Mulanya, ar-Rawandi terkenal karena mengutamakan kebebasan akal untuk 
mempertahankan agama. Tetapi, kemudian ar-Rawandi telah menyimpang keluar 
menjadi kafir. Sampai soal-soal yang berkaitan dengan peribadatan diganggunya 
dengan nama kebebasan akal. Sebagian contoh yang pernah diungkapkannya adalah 
mengenai salat. Menurutnya: shalat, apa perlunya wudu, padahal meskipun berwudu 
berkali-kali, namun isi perut kita tetap kotor. Apa guna melempar-lempar jumrah 
di Mina? Apa guna Sa’i, lari-lari di antara Shafa dan Marwah?





Berlari-lari diantara Shafa dan Marwah itu hanya membuat badan payah saja, 
faedahnya tidak ada. Wuquf di Arafah bersama-sama, pun tidak ada perlunya dan 
semuanya adalah pekerjaan yang tidak dapat diterima oleh akal. (Hamka: 1994)

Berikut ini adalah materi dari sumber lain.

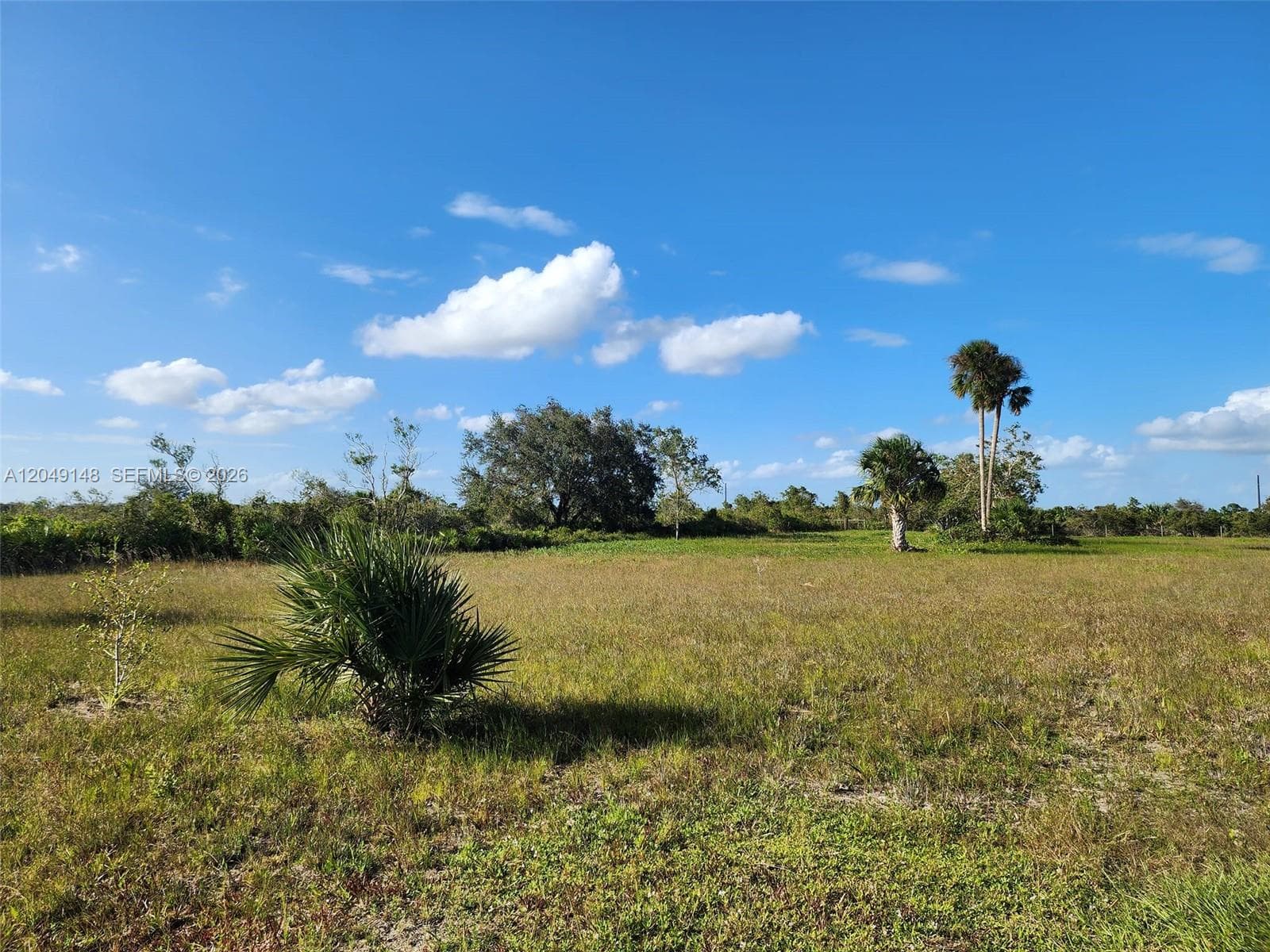 18717 NW 258 st, Okeechobee, FL 34972 photo 5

Bayangkan kalau orang seperti ar-Rawandi masih hidup sampai saat ini. Mungkin, 
MUI Indonesia akan memfatwakan hukuman mati baginya. Lalu bagaimana dengan 
keberadaan liberalisme saat ini. Entahlah, tapi, yang jelas pemikiran-pemikiran 
seperti mereka itu layak dan kalau perlu diadakan pemberantasan massal.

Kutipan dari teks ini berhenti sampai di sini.